Origen, Commentary on John 10.1-2: 1 .... The book begins at the words: "After this He went down to Capernaum, He and His mother and His brothers and His disciples, and there they abode not many days." The other three Evangelists say that the Lord, after His conflict with the devil, departed into Galilee. .... 2 The truth of these matters must lie in that which is seen by the mind. If the discrepancy between the Gospels is not solved, we must give up our trust in the Gospels, as being true and written by a divine spirit, or as records worthy of credence, for both these characters are held to belong to these works. Those who accept the four Gospels, and who do not consider that their apparent discrepancy is to be solved anagogically (by mystical interpretation), will have to clear up the difficulty, raised above, about the forty days of the temptation, a period for which no room can be found in any way in John's narrative; and they will also have to tell us when it was that the Lord came to Capernaum. If it was after the six days of the period of His baptism, the sixth being that of the marriage at Cana of Galilee, then it is clear that the temptation never took place, and that He never was at Nazara, and that John was not yet delivered up. .... Now, if we ask when Christ was first in Capernaum, our respondents, if they follow the words of Matthew, and of the other two, will say, "After the temptation, when, leaving Nazareth, He came and dwelt in Capernaum by the sea." But how can they show both the statements to be true, that of Matthew and Mark, that it was because He heard that John was delivered up that He departed into Galilee, and that of John, found there, after a number of other transactions, subsequent to His stay at Capernaum, after His going to Jerusalem, and His journey from there to Judaea, that John was not yet cast into prison, but was baptizing in Ænon near Salim?
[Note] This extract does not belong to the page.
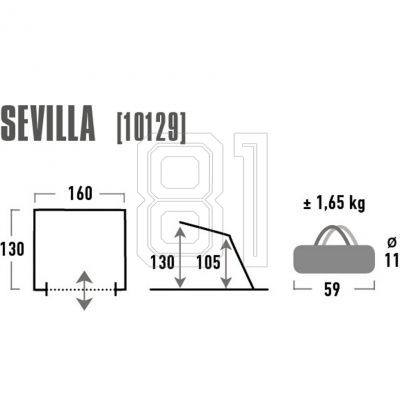 3. High Peak Sevilla Strandzelt Blaugrau 10129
Origen, Commentary on John 10.6: 6 These examples may be serviceable to illustrate statements not only about the Saviour, but about the disciples too, for here also there is some discrepancy of statement. For there is a difference in thought perhaps between Simon who is found by his own brother Andrew, and who is addressed You shall be called Cephas [in John 1.41], and him who is seen by Jesus when walking by the sea of Galilee, along with his brother, and addressed conjointly with that brother, "Come after Me, and I will make you fishers of men" [in the synoptics]. .... With John again the Pharisees know Jesus to be baptizing with His disciples, adding this to His other great activities; but the Jesus of the three does not baptize at all. John the Baptist, too, with the Evangelist of the same name, goes on a long time without being cast into prison. With Matthew, on the contrary, he is put in prison almost at the time of the temptation of Jesus, and this is the occasion of Jesus retiring to Galilee, to avoid being put in prison. But in John there is nothing at all about John's being put in prison.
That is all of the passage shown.